Jonathan Pérez y Elena Iglesias, que este año están al frente del bar restaurante Porcía. Ana Paz Paredes

En lo alto de la playa abre sus puertas un precioso chiringuito, el restaurante bar Porcía, que este año llevan, por primera vez, Jonathan Pérez Auviaño y Elena Iglesias Calvo. Él, que ya con 17 años entró en una cocina a trabajar, retoma con ilusión su actividad entre los fogones. "Intentamos cuidar mucho el producto, que sea de primera calidad y de la zona. Fundamentalmente preparamos pescados frescos, que los hacemos en un horno de brasa de carbón y, entre los platos que más gustan, están nuestras croquetas de sepia", explica ella.

Y, como colofón a un día más en Porcía, siempre queda contemplar desde allí una puesta de sol, tan bella e intensa como la propia playa.

La playa de Porcía, en otro de sus rincones.

Hay que ir por la A-8 dirección a El Franco, hacia la capital del concejo, La Caridad, pero no entrar en ella sino continuar de frente en la rotonda por la N-634. Tras pasar Valdepares, un poco más adelante girar a la derecha, frente al mesón El Fornello.
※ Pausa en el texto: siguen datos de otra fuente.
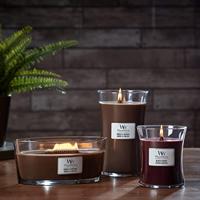 WoodWick Geurkaars Medium Black Cherry - 11 cm / ø 10 cm - Geurkaars in Glas - Houten Lont - thumbnail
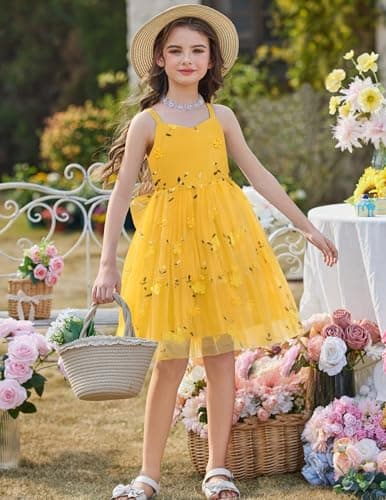 Arshiner Toddler Girls Tulle Dress Bowknot Tutu Birthday Princess Embroidery Yellow Floral Dresses Formal Photoshoot Outfit Summer Clothes 5-6Years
Allí se indica la playa a la derecha.

Una de las cosas a descubrir es cómo se ve la playa desde el columpio que está en el área recreativa y, aquellos que puedan, y en referencia a las fiestas que se celebran en El Franco, disfrutar de su emblemática romería de Los Remedios o de la Noite Celta, celebraciones que, con tanto cariño y buen hacer, organizan los miembros de la Asociación Alameda.

Los días de tormenta con mucho aparato eléctrico buena parte de esos rayos van a pasar sobre A Pedra Imán, en la zona de Tapia de Casariego, donde están los restos de la vieja mina de hierro, al contar allí con una importante presencia de metales.